「――で、わざわざお呼び出しかよ」


電話をかけたら、まだ塾だと言うので、それならば帰りにウチに寄ってこいと命令を下した。

でも国茂家より我が家のほうが上のフロアにあるわけで、寄るというより、通り越してわざわざ来てもらった感じだ。


雪夜は高校の制服で現れた。

いつも夕食時に会うときはラフなルームウェアに着替え済みなので、このスタイルはけっこう久しぶりに見る。


だるんといい具合に着崩されたブレザータイプの制服。

ネイビーのセーター、その下でゆるく結ばれているネクタイ、脚の長さを際立たせるスラックス。

そして、その上に乗っかっている完璧な顔面。


雪夜は本当に美しい。

ふつうに街中を歩いているだけで、男女関係なく、年齢関係なく、すれ違うすべての人の目を引いてしまうくらい。

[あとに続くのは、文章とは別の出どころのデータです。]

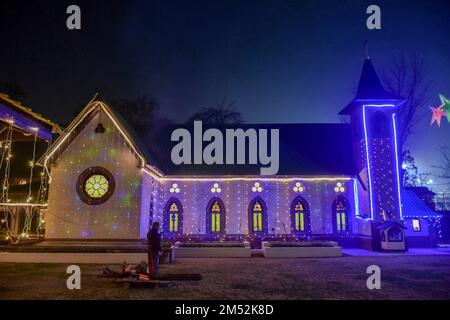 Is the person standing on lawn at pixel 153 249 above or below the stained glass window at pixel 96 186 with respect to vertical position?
below

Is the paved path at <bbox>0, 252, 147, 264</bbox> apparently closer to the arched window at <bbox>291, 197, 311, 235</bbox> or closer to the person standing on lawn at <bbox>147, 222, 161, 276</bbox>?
the person standing on lawn at <bbox>147, 222, 161, 276</bbox>

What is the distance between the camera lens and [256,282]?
38.9 ft

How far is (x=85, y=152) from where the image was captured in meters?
20.2

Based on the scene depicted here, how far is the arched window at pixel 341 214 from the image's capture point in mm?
25250

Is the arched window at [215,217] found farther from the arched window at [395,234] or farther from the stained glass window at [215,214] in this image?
the arched window at [395,234]

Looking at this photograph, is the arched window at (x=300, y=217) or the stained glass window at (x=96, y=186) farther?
the arched window at (x=300, y=217)

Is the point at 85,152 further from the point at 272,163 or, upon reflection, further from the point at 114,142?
the point at 272,163

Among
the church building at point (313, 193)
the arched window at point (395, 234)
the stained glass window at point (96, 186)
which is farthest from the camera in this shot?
the church building at point (313, 193)

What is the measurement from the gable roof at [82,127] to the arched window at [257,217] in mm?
9354

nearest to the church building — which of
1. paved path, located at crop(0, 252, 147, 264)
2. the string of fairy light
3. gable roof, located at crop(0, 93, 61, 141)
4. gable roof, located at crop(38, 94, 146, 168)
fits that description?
gable roof, located at crop(38, 94, 146, 168)

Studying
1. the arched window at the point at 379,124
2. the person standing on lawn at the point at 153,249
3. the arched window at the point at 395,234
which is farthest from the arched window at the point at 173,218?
the arched window at the point at 379,124

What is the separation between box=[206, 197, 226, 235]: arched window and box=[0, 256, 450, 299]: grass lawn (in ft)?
26.3

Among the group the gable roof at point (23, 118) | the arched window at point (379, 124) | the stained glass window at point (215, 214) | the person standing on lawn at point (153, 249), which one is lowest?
the person standing on lawn at point (153, 249) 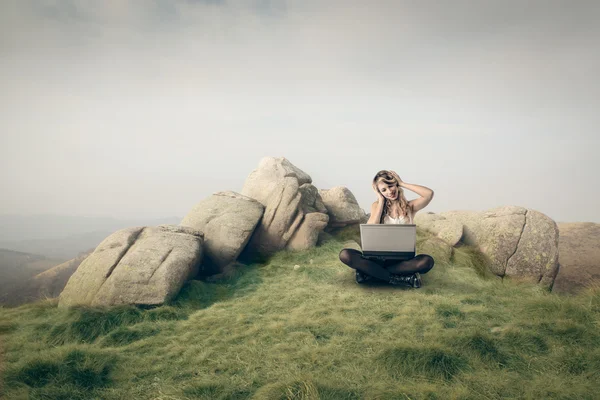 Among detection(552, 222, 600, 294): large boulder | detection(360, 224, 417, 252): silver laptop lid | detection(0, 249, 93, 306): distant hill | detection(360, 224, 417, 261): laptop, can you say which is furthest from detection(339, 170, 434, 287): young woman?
detection(0, 249, 93, 306): distant hill

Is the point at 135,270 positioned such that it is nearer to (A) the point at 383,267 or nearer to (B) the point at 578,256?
(A) the point at 383,267

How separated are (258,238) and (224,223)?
1.38 meters

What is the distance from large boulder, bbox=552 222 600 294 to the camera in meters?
13.2

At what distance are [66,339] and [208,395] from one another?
13.8ft

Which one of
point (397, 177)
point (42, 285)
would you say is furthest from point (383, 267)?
point (42, 285)

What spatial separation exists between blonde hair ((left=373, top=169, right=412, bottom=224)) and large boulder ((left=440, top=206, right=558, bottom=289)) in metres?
5.20

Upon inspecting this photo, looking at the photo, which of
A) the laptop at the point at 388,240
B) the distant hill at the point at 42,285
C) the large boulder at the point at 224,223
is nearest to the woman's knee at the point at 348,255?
the laptop at the point at 388,240

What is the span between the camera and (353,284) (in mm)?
9609

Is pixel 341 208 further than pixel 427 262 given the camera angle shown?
Yes

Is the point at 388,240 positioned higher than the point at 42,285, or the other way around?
the point at 388,240

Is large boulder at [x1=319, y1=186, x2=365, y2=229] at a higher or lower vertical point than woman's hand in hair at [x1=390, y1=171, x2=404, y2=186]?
lower

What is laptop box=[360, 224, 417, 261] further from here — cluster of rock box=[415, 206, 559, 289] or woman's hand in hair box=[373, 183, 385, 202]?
cluster of rock box=[415, 206, 559, 289]

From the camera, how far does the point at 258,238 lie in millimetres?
13219

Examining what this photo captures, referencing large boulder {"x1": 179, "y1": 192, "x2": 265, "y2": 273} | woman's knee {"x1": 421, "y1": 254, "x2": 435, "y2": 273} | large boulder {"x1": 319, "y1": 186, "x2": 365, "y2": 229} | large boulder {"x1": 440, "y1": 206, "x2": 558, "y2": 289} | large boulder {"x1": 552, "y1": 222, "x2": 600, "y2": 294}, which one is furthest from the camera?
large boulder {"x1": 319, "y1": 186, "x2": 365, "y2": 229}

こいつは、あまりにも簡単に、グランプリを取ってしまうだろうな。


「ほんとう、なの……?」

「ミスターコン? だから、ほんとだっつってんだろ」

「な、なんでまた、だって雪夜ってこういうのすごい嫌いじゃ」

「うん、嫌い。けど……なんとなく、ノリで。暇だし、高校のうちになんか思い出作っとこうかなって」


ノリで?
暇で?
思い出作りで?


こんな動機が、許される?


「ねえ、真剣に応募してきてるコがたくさんいるんだよ。たとえば芸能界に夢があって、本気で目指してるコもいるかもしれない。なのにそんな遊び半分で……」

「うるせーな。なんで、おまえにそんなこと口出しされなきゃいけねーの。ダル。なんか関係あんのかよ」


そうか、まだ“副賞”は発表されていないんだっけ。